With the Omicron variant depleting school staffs as it sweeps across the country, some states are resorting to increasingly creative measures to find the substitute teachers needed to keep schools open, in one case even calling on the National Guard.
State workers can now serve as substitute teachers in some hard-hit districts, while other states are loosening rules to speed the hiring of substitutes or draw retirees back into the classroom.
In New Mexico, where new cases have more than tripled over the past two weeks, Gov. Michelle Lujan Grisham has asked the National Guard and state workers to fill in as substitute teachers.
“Our kids, our teachers and our parents deserve as much stability as we can provide during this time of uncertainty,” Governor Lujan Grisham said in a statement on Wednesday, “and the state stands ready to help keep kids in the classroom.”
Under New Mexico’s initiative, National Guard members and state workers must become licensed as substitute teachers or child care workers and fulfill the usual requirements for substitute teachers, such as background checks and a teaching workshop.
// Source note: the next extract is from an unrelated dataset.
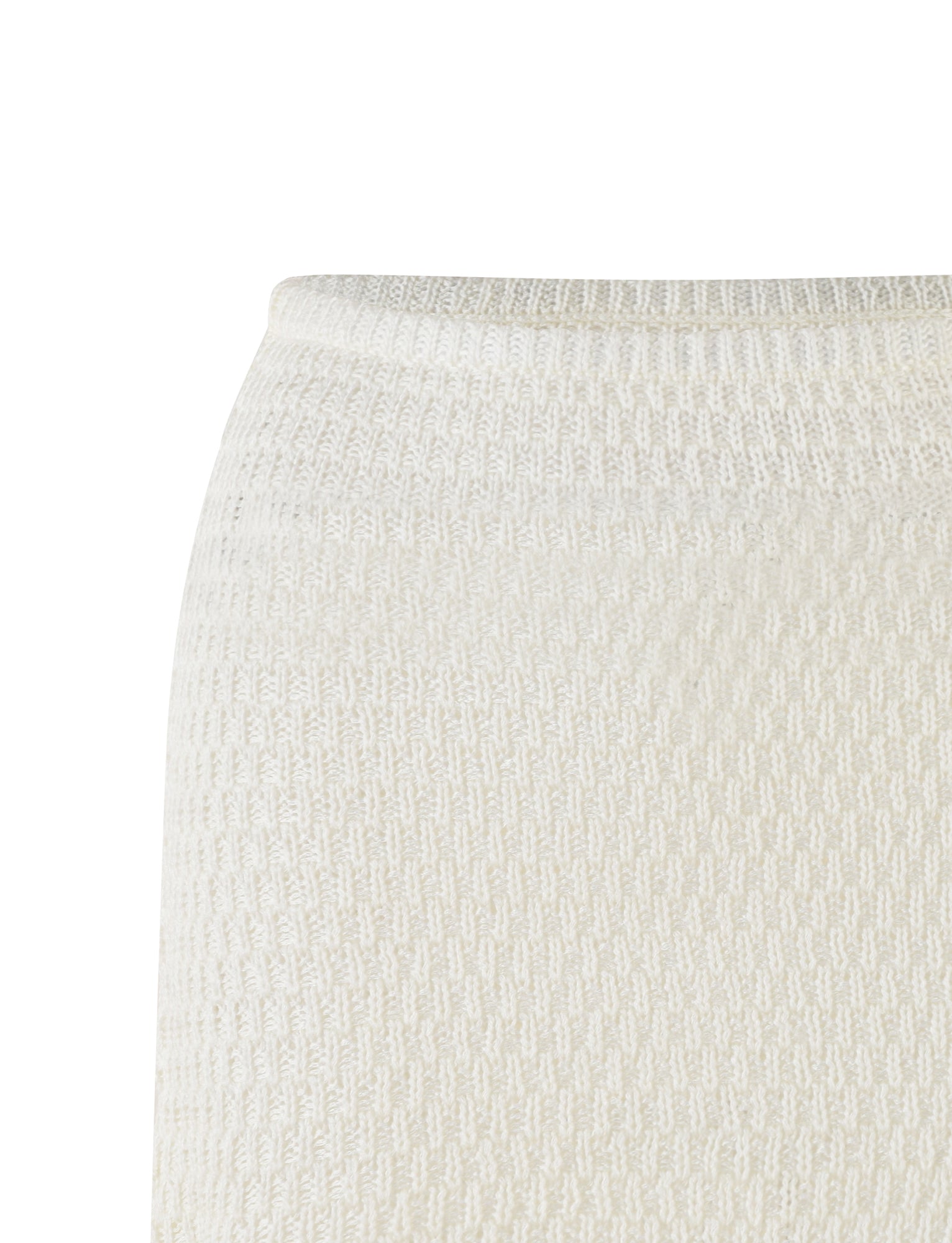 Close-up image of a textured white knit fabric. The photo captures the intricate pattern of what appears to be TIGERMIST's JANAI SKIRT in WHITE : CREAM, displaying its detailed weave and soft appearance. The fabric suggests it could belong to a low-rise elasticated waist mini length skirt with a subtle, repetitive design.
In recent weeks, about 60 school districts and charter schools in New Mexico have moved to remote learning, and 75 child care centers have partially or completely closed because of staffing shortages, state officials said.
Keeping schools open during the Omicron wave has become a fiercely debated issue nationally, especially among parents. President Biden was asked about school closings at a White House news conference on Wednesday, and he was quick to point out that most schools were open.
“Let’s put it in perspective: 95 percent, as high as 98 percent, of the schools in America are open, functioning and capable of doing the job,” Mr. Biden said, adding that he encouraged states and school districts to use funding to keep schools open.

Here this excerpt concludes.